Task goal ▸ Return the listing below exactly. Leave its pictures out.

Material to process ▸
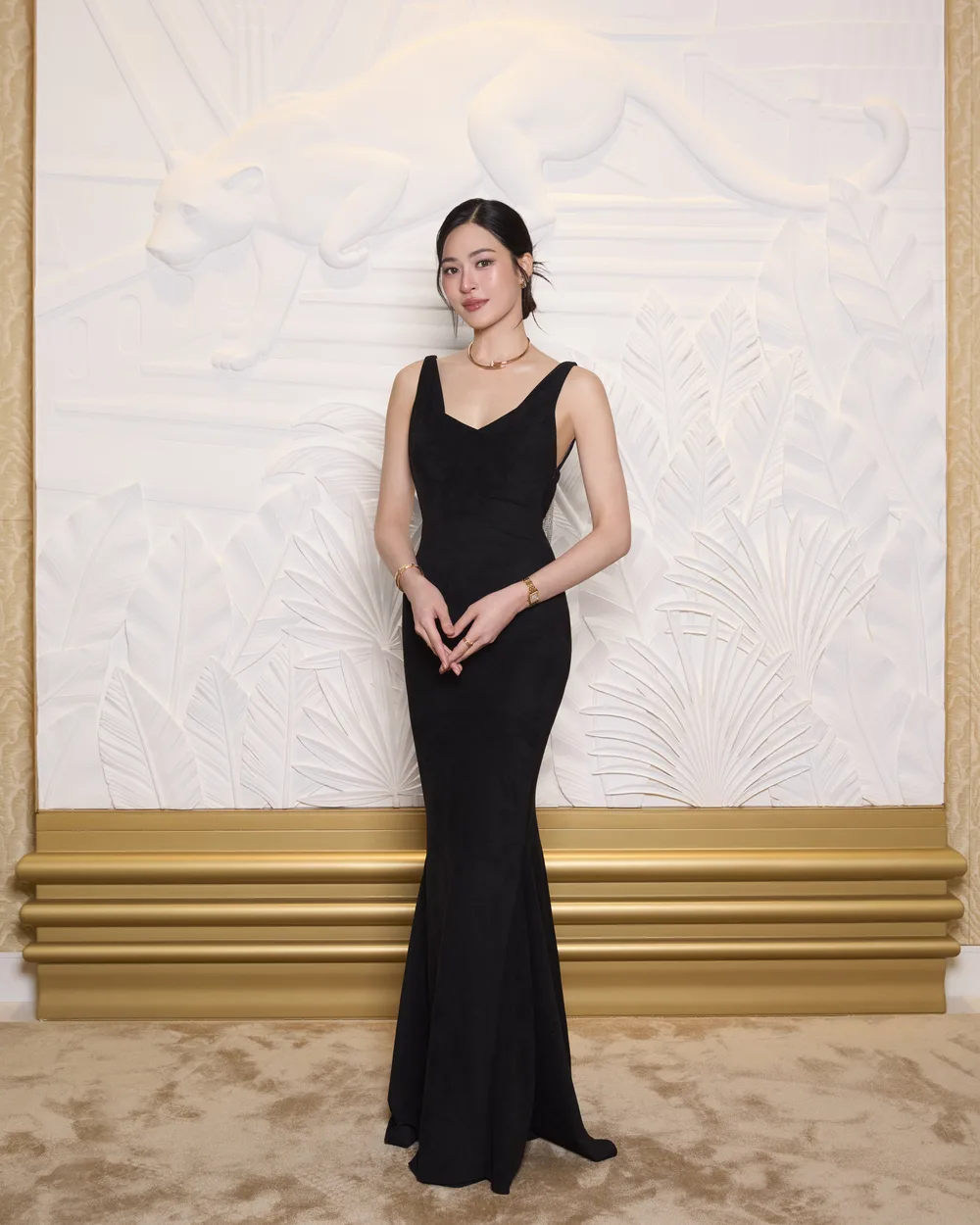 Lingling diện váy maxi đen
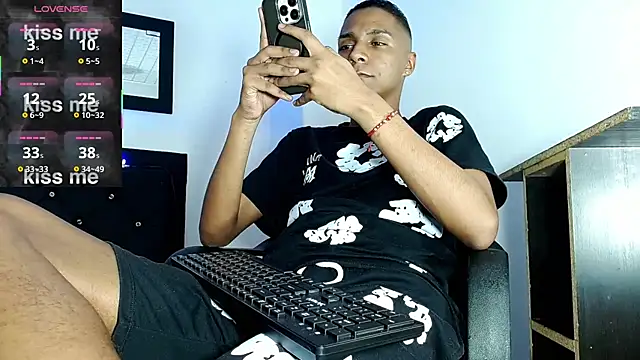 hotboyluxe webcam
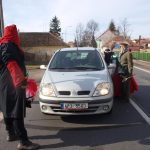 Maškary zastavují auta a provádějí silniční kontrolu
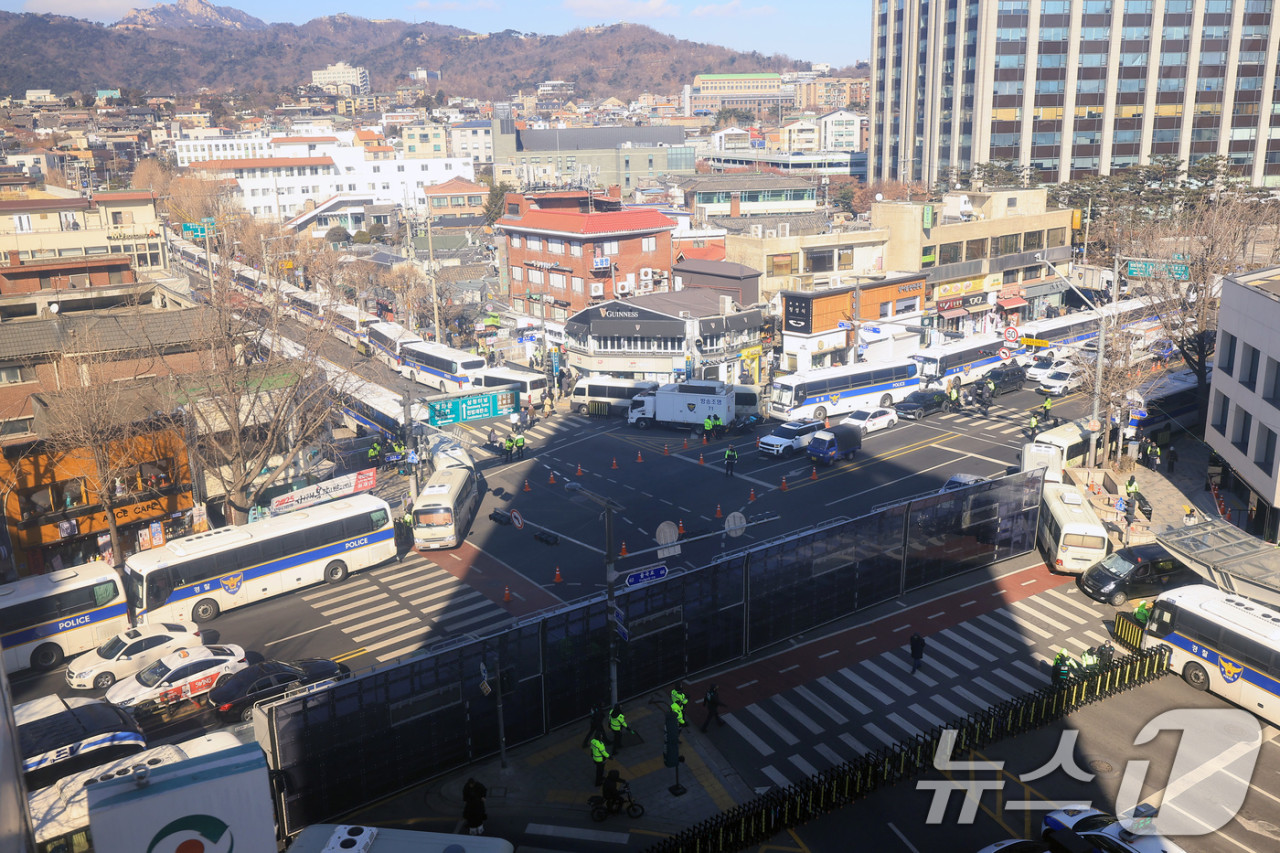 윤석열 전 대통령 탄핵 심판, 헌재 앞 경계 강화…긴장 상승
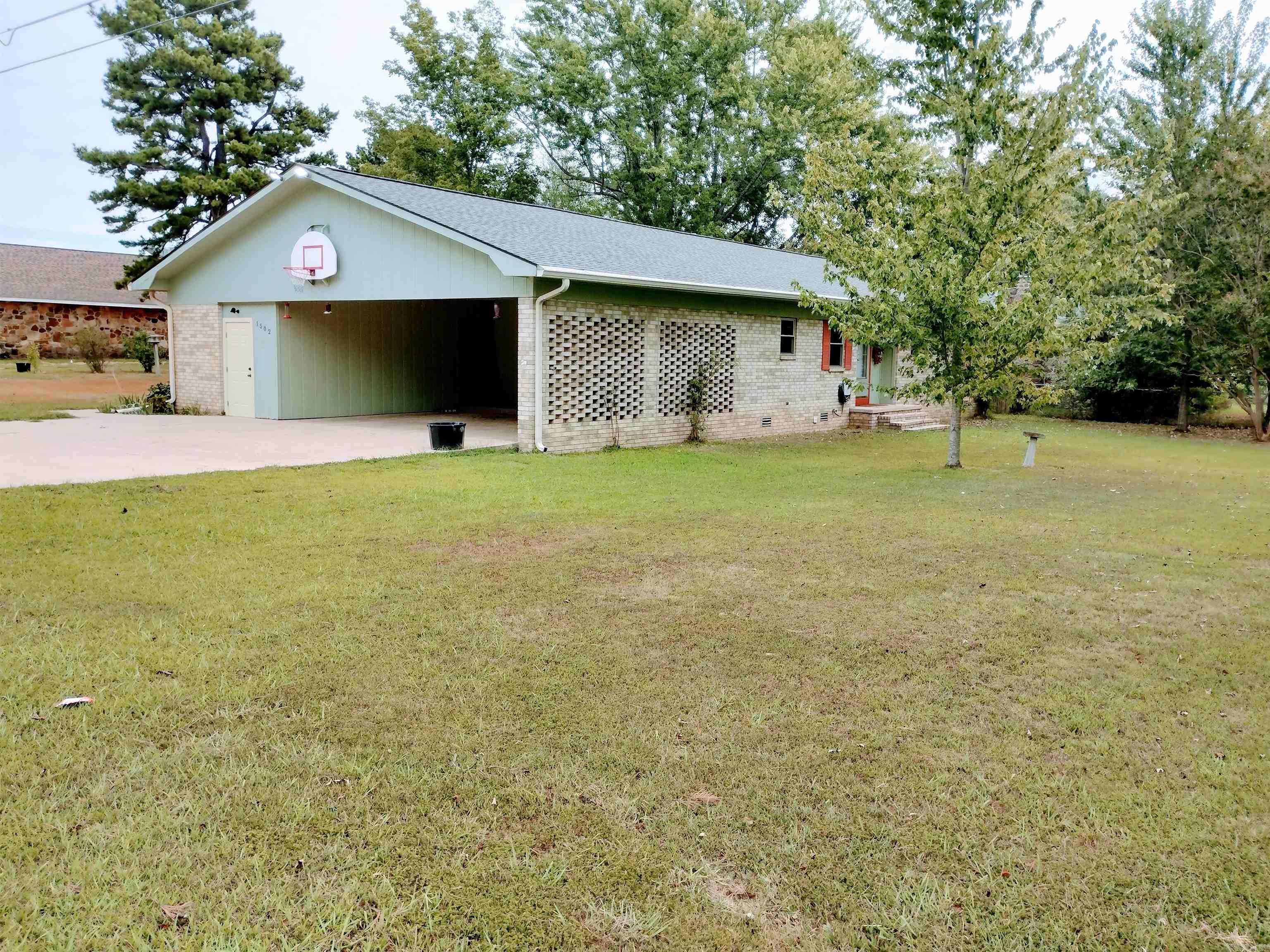 EAST SIDE - Residential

Answer to this exercise ▸
 Lingling diện váy maxi đen
 hotboyluxe webcam
 Maškary zastavují auta a provádějí silniční kontrolu
 윤석열 전 대통령 탄핵 심판, 헌재 앞 경계 강화…긴장 상승
 EAST SIDE - Residential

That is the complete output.